- EXERCISE GOAL -
Each line from the one containing "Apartment Galina Tivat Dış mekan fotoğraf" through the last line of the records is to be repeated exactly, with all pictures left out.
Start of EXTRACTED DATA
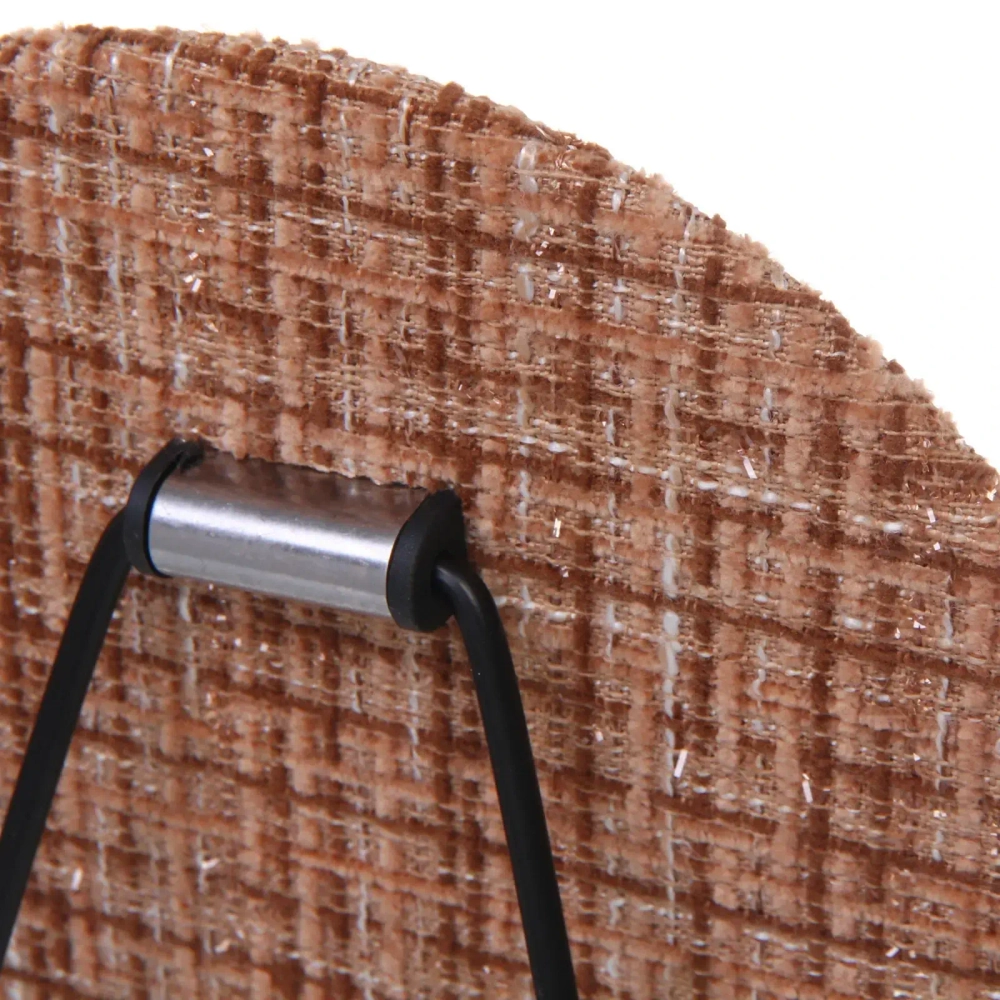 Зеркало настольное «ФРАТЕЛЛИ», кофейный цвет, 15*15см (коробка)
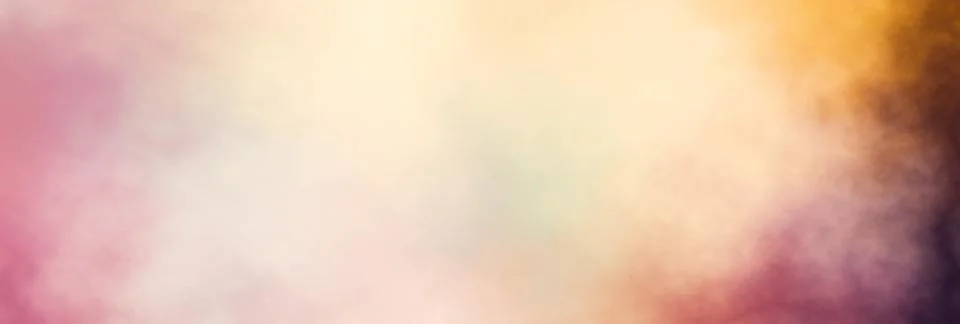 Abstract soft blur gradient background with warm pastel fog texture Stock Illustration
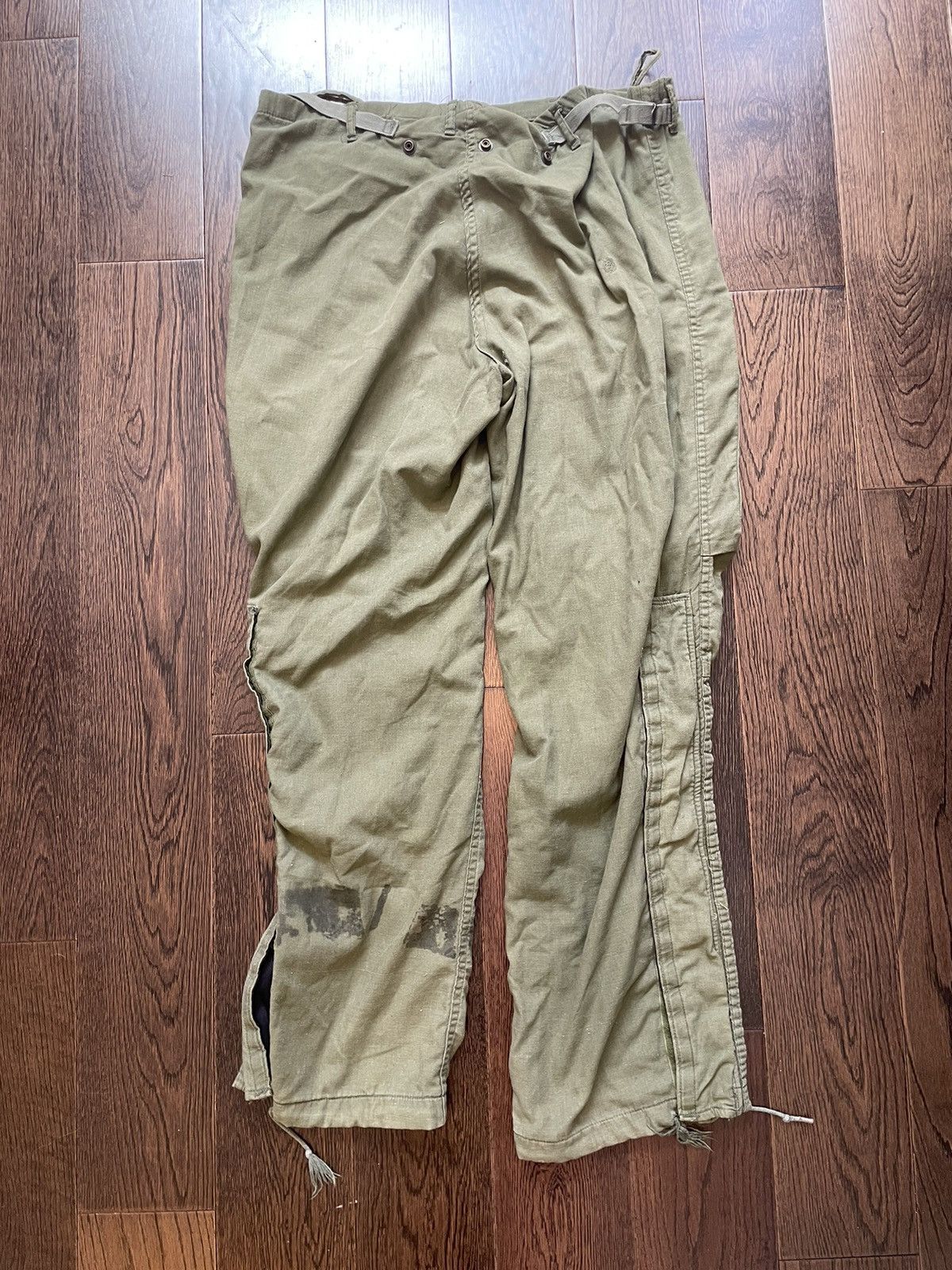 Vintage Vintage Military Pants Size US 30 / EU 46 - 2 Thumbnail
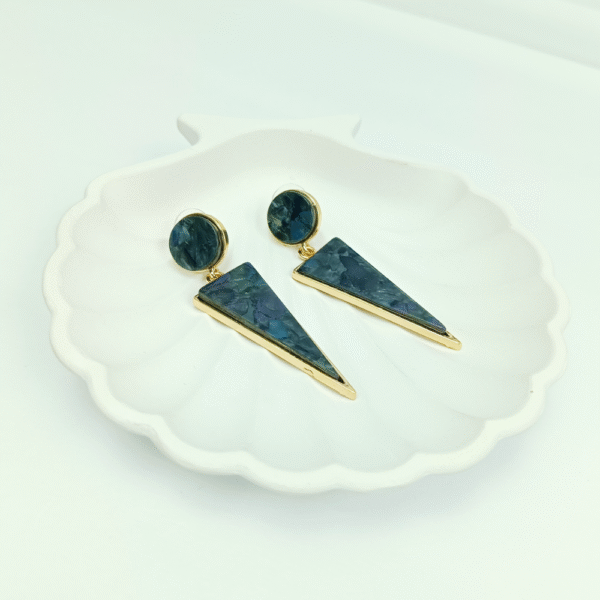 Celestial Cascade Earrings - Image 2
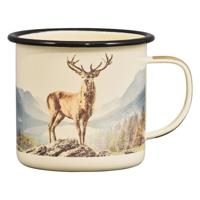 Gentlemen's Hardware Enamel Mug - Deer 17 fl.oz / 500 ml - thumbnail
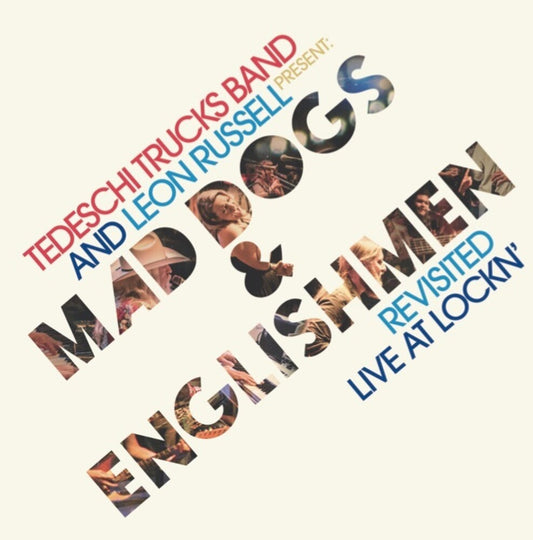 Tedeschi Trucks Band & Leon Russell - Tedeschi Trucks Band and Leon Russell Present: Mad Dogs & Englishmen Revisited Live at LOCKN' [CD] [New CD]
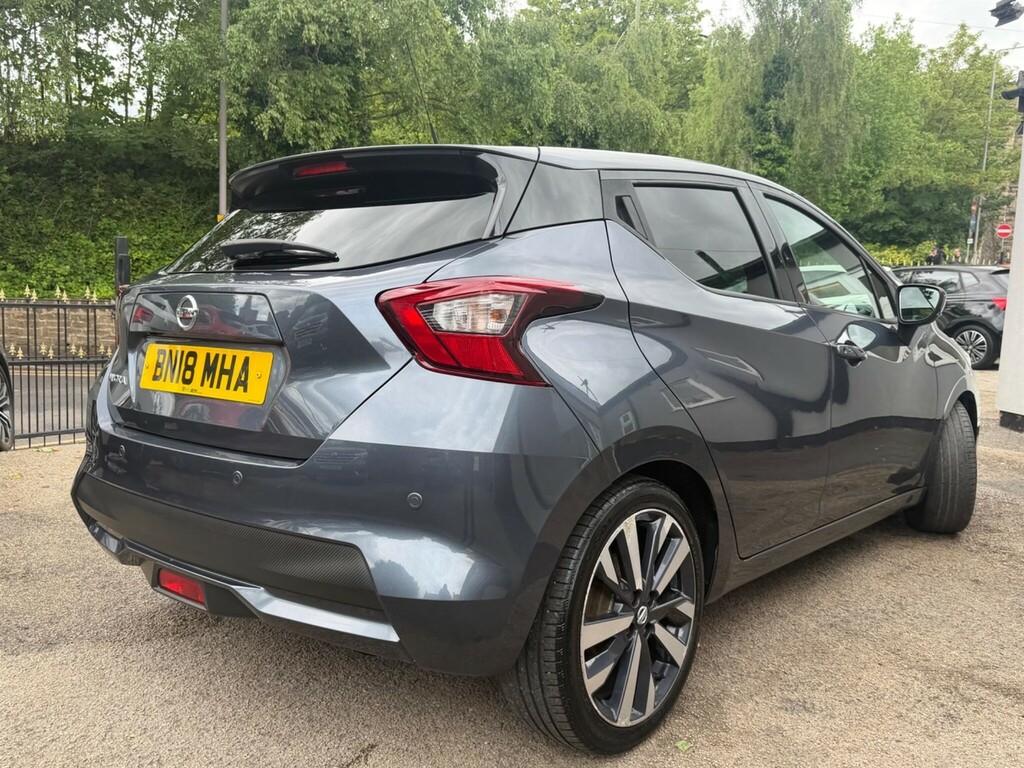 Nissan Micra 2018 Nissan Micra 0.9 Ig-t Acenta Limited Edition Silver #23
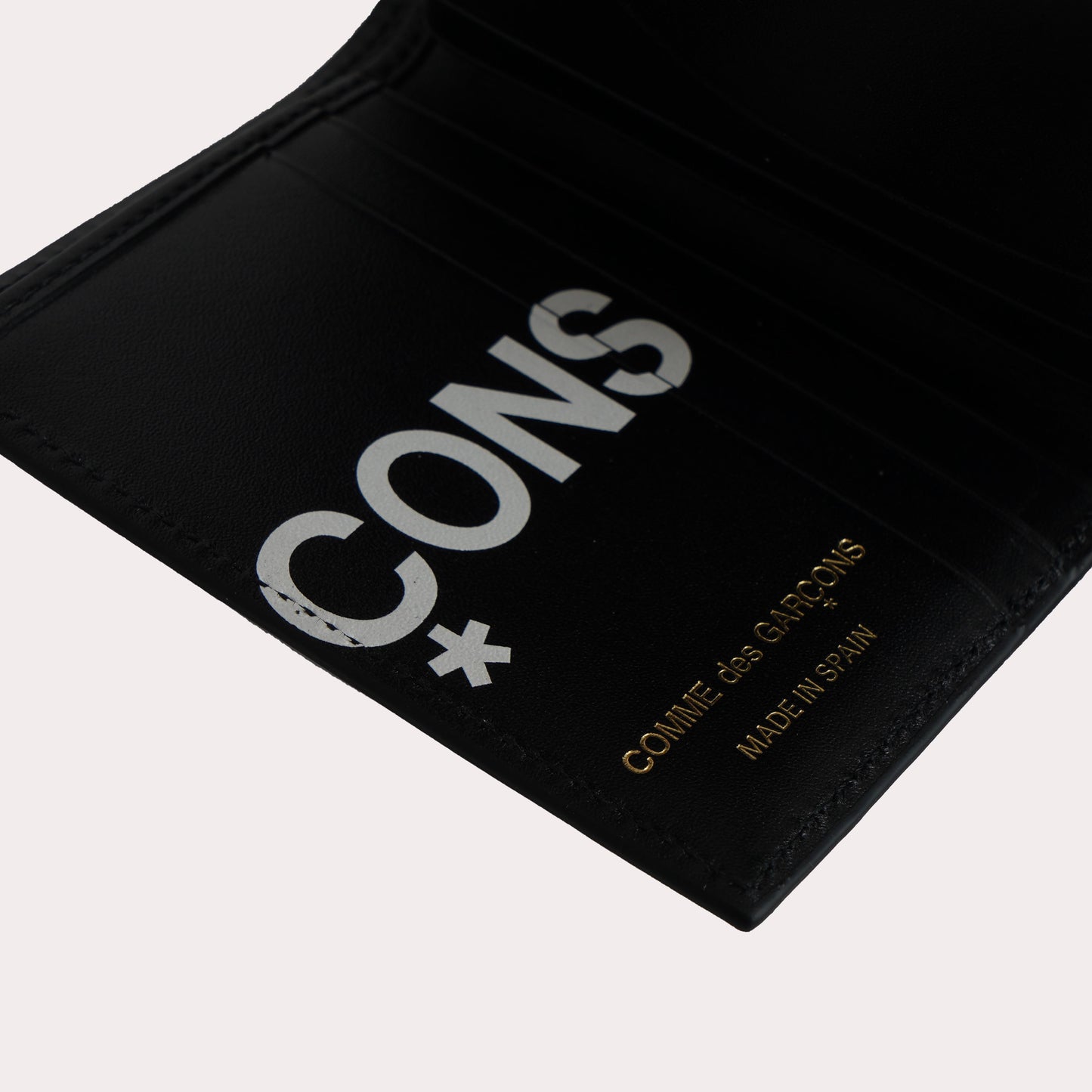 Logo Print Wallet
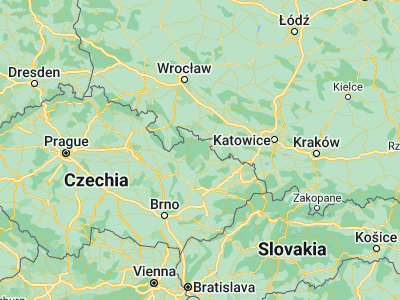 Map showing location of Vrbno pod Pradědem (50.12095, 17.38316)
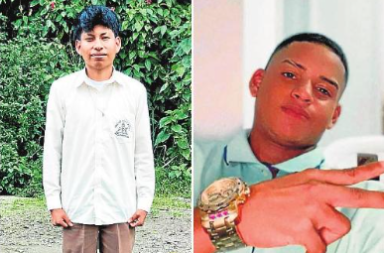 dos adolescentes desaparecidos Santo Domingo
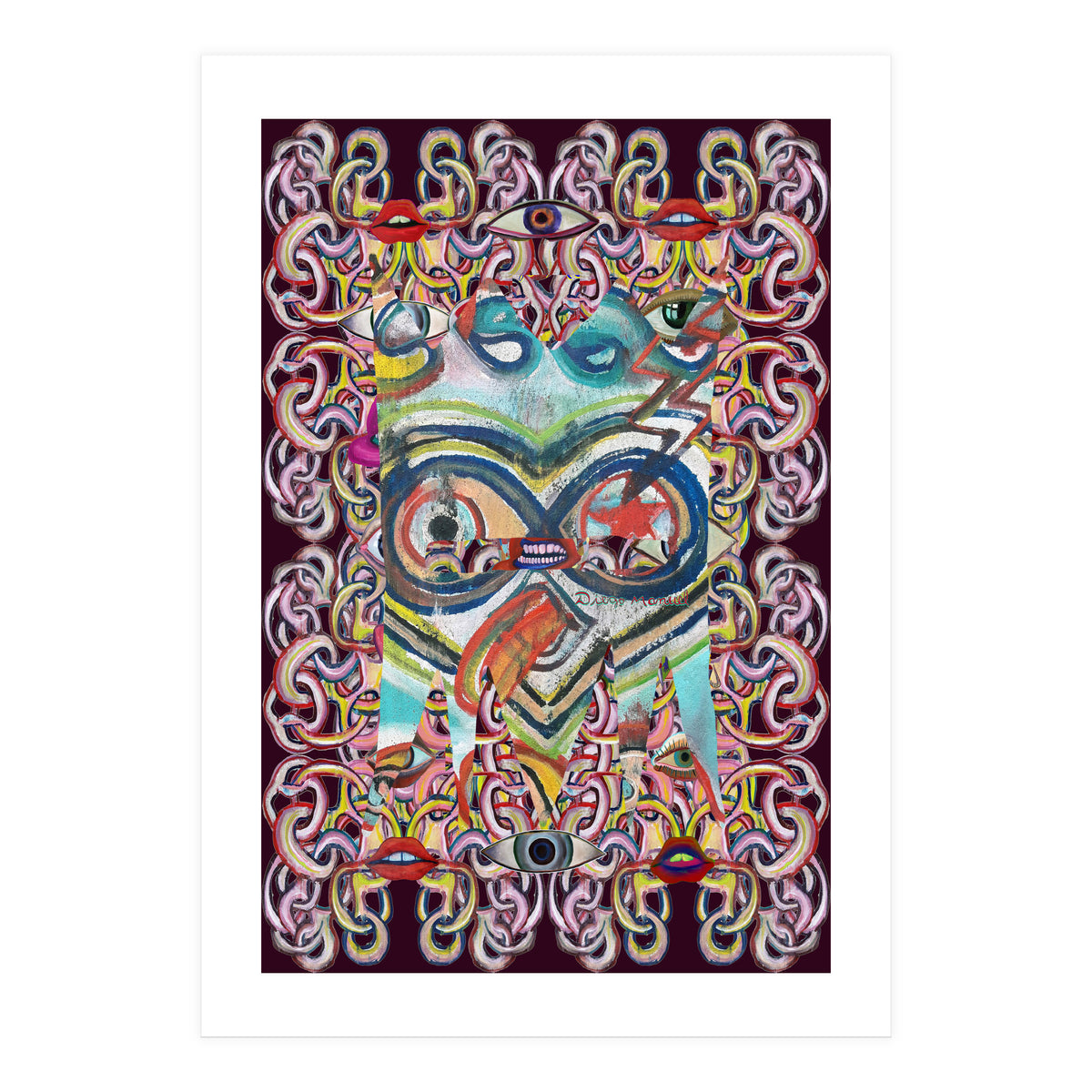 Graffiti Digital Nuevo 2023 27 (Print Only)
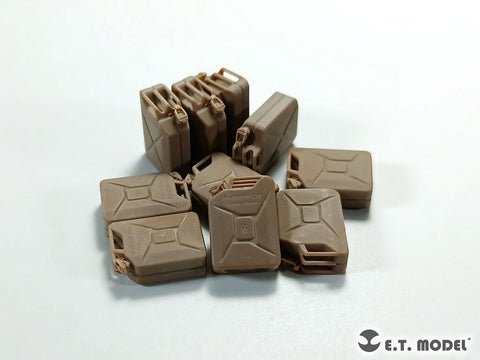 E.T.モデル P35-242 1/35 WWIIドイツ 20Lジェリカンセット(3Dプリント)
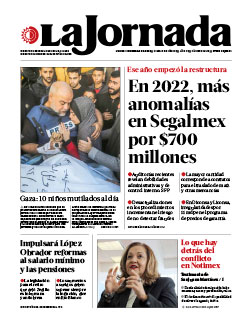 Portada de 2024/01/08. Seleccione para ir a esta edición. Portada de 2024/01/08. Seleccione para ir a esta edición.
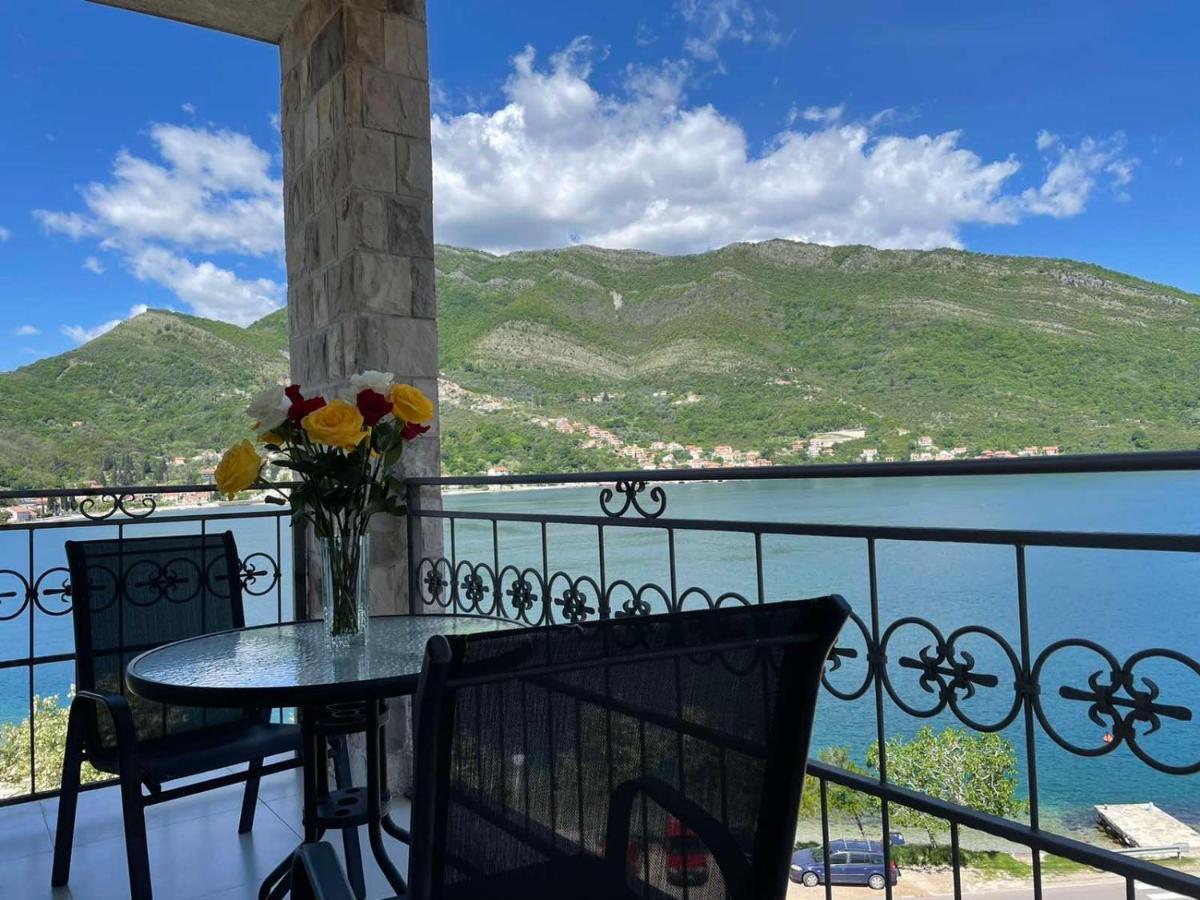 Apartment Galina Tivat Dış mekan fotoğraf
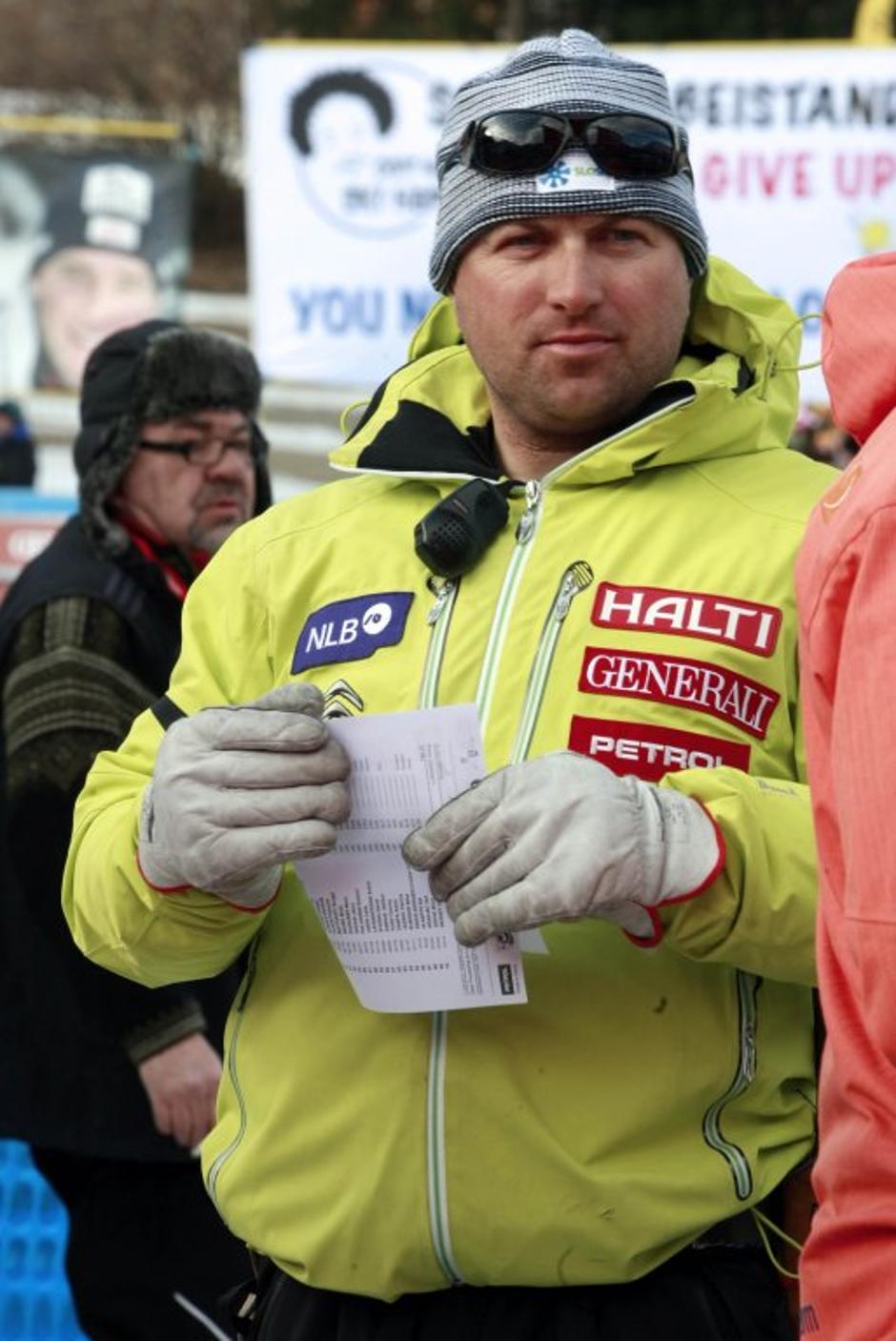 Mitja Kunc pokal vitranc 2012 kranjska gora | Avtor: Saša Despot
End of EXTRACTED DATA
- WRITTEN REPLY -
 Apartment Galina Tivat Dış mekan fotoğraf
 Mitja Kunc pokal vitranc 2012 kranjska gora | Avtor: Saša Despot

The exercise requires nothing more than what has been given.